▸ **ASSIGNMENT**
The listing below is to be duplicated exactly, with every picture omitted.

▸ **DATA EXTRACT**
★ ★ ★ ★

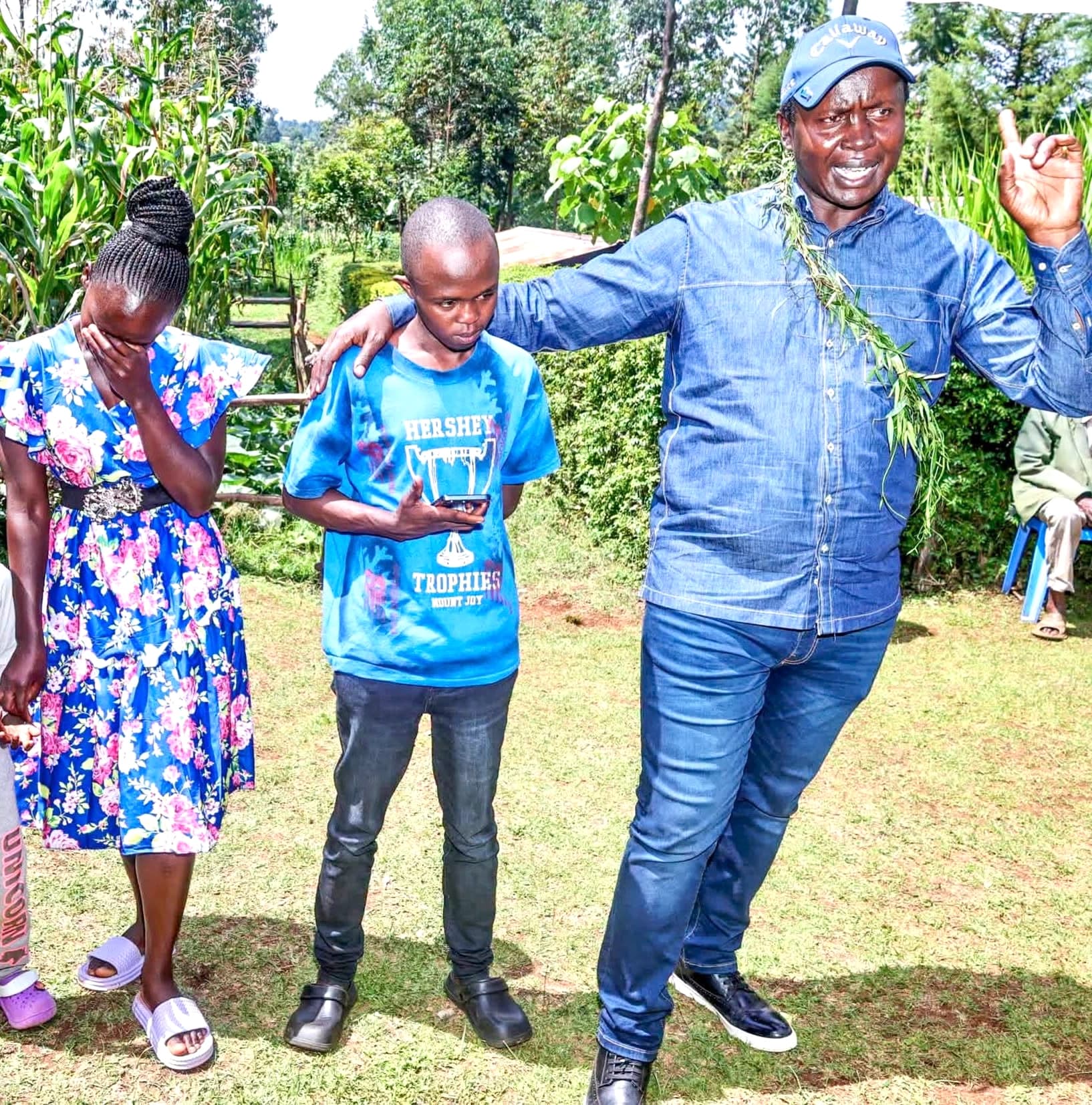 MCA in Kericho demands better pay, timely allowances for teachers handling national exams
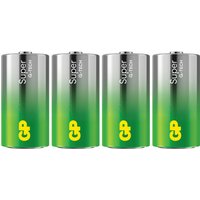 GP Batteries Super Alkaline GP14A Single-use battery C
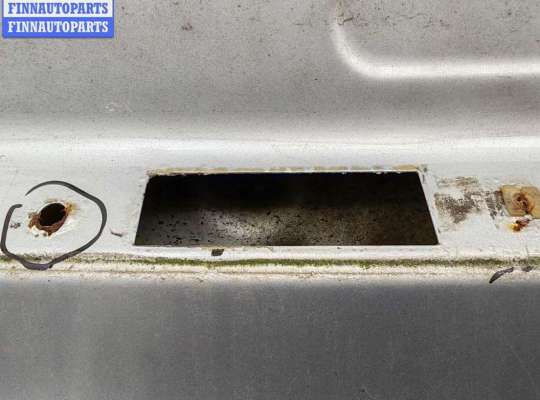 купить Крышка багажника (дверь задняя) на BMW 3 E46 (1998-2006)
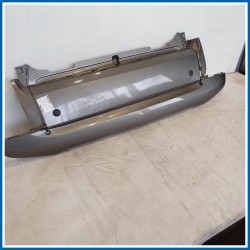 Paraurti centrale ELEMENTO CENTRALE CODA | post. SMART Fortwo Coupé 451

★ ★ ★ ★

▸ **SOLUTION TO THIS PROBLEM**
 MCA in Kericho demands better pay, timely allowances for teachers handling national exams
 GP Batteries Super Alkaline GP14A Single-use battery C
 купить Крышка багажника (дверь задняя) на BMW 3 E46 (1998-2006)
 Paraurti centrale ELEMENTO CENTRALE CODA | post. SMART Fortwo Coupé 451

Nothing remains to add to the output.